Event Report – “Reinvention of Europe”

March 2, 2012

The Patriotism and Progress Public Policy Foundation and CEU Center for EU Enlargement Studies (CENS) hosted a public lecture on 1 March 2012 entitled “Reinvention of Europe”. The lecture was delivered by Mark Leonard (Director of European Council on Foreign Relations London) to a distinguished group of diplomats, ambassadors, students and university professors. The discussant was Gordon Bajnai (Former Prime Minister of Hungary, Founder of the Patriotism and Progress Public Policy Foundation), while the lecture was chaired by Péter Balázs, Director of CENS and former Hungarian Minister of Foreign Affairs.

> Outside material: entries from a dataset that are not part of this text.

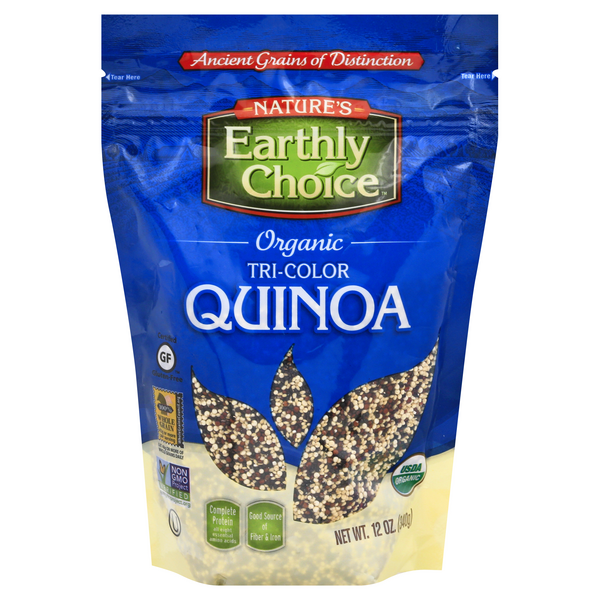Save on Nature's Earthly Choice Quinoa TriColor Organic Order Online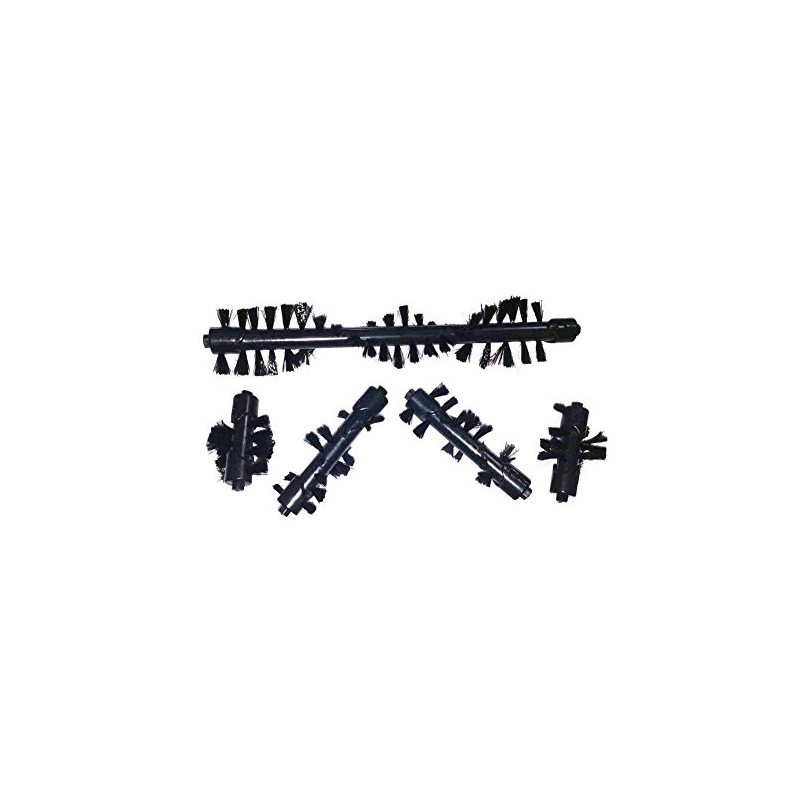 BlueField Swivel Sweepers Replacement Bristle Brush for The Set of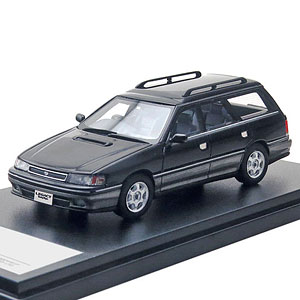 1/43 SUBARU LEGACY Touring Wagon GT (1989) インディゴブルー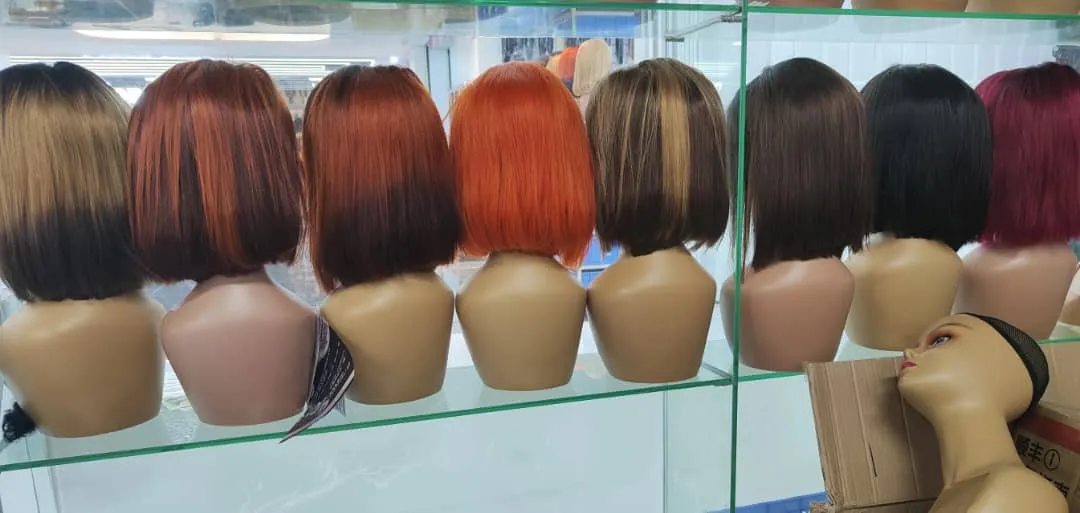 Bob human hair colors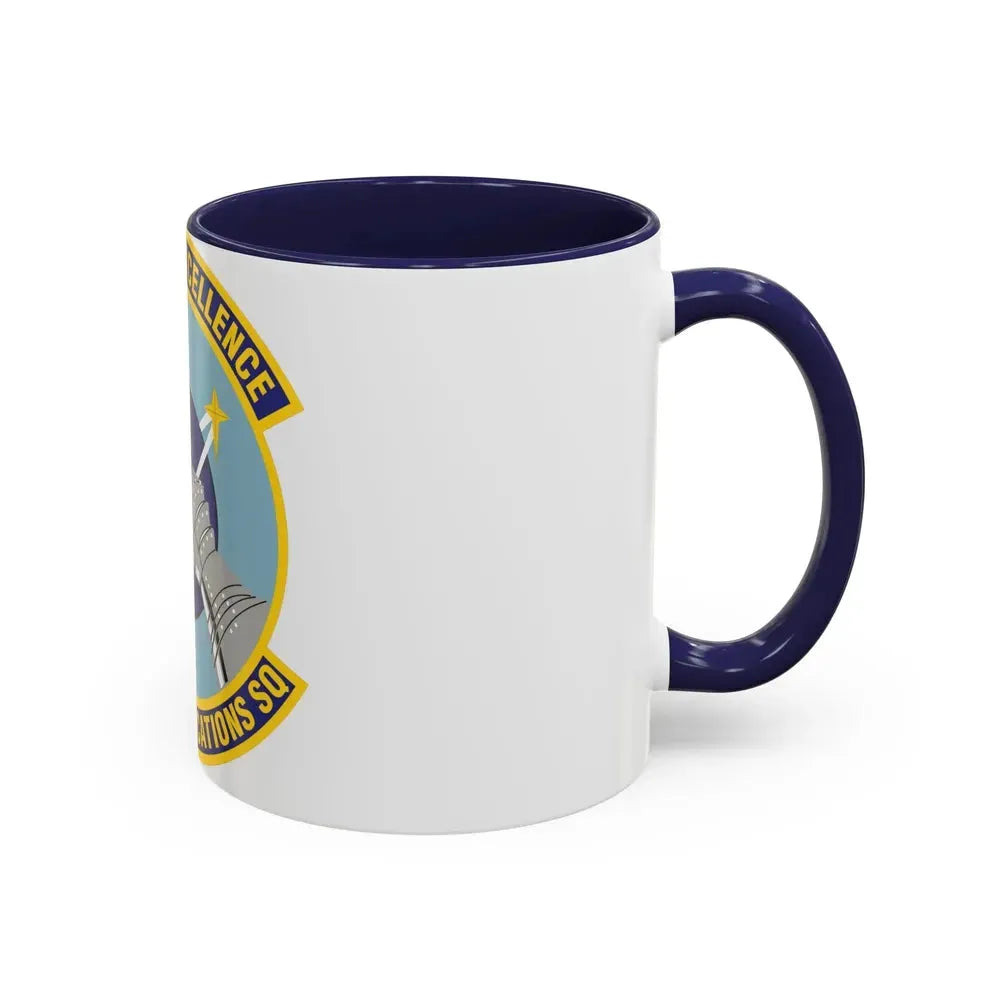 89th Communications Squadron (U.S. Air Force) Accent Coffee Mug - Go Mug Yourself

Mark Leonard’s lecture on the future of the European Union took place within a highly sensitive context in Hungary, when the country is in danger of losing some of its cohesion funds because of political and economic measures that go against the EU’s policy directions.

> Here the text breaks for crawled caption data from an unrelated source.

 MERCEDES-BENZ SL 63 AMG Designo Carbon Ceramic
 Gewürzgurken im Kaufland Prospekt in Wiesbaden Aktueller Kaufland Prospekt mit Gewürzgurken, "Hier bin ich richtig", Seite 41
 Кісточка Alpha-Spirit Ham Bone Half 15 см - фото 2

The speaker is a fierce defendant of the European Union that he sees as a unique project initially designed to maintain peace but gradually becoming a “positive” entity, whose early cooperation initiatives spilled-over into multiplying sectors of integration. He explained how the EU developed in unequal ways, with some areas becoming more and more integrated, while others remained too much in the hands of the member states. Usually perceived as an elite project, promoting technocratic and incremental policy making, the EU’s democratic deficit looms now larger than ever. He also discussed potential scenarios that could unfold in the near future and that depicted very different fates for the EU. He criticized the approach that the EU has to handling the economic crisis, namely the strategy of “muddling through”, in which every problem is handled in technocratic manners. Leonard believes that now it is the time for the EU to ask itself more fundamental questions and to set a new policy agenda. Moreover, he also argues that this problem solving incremental approach that the EU adopted can be named “disintegration in disguise” since it threatens the very core values at the heart of the union, especially from the point of view of transparent, democratic and participatory decision-making. The transformative power of the EU can have positive effects on its member states, especially if it continues to be a rules-based rather than a power based institution.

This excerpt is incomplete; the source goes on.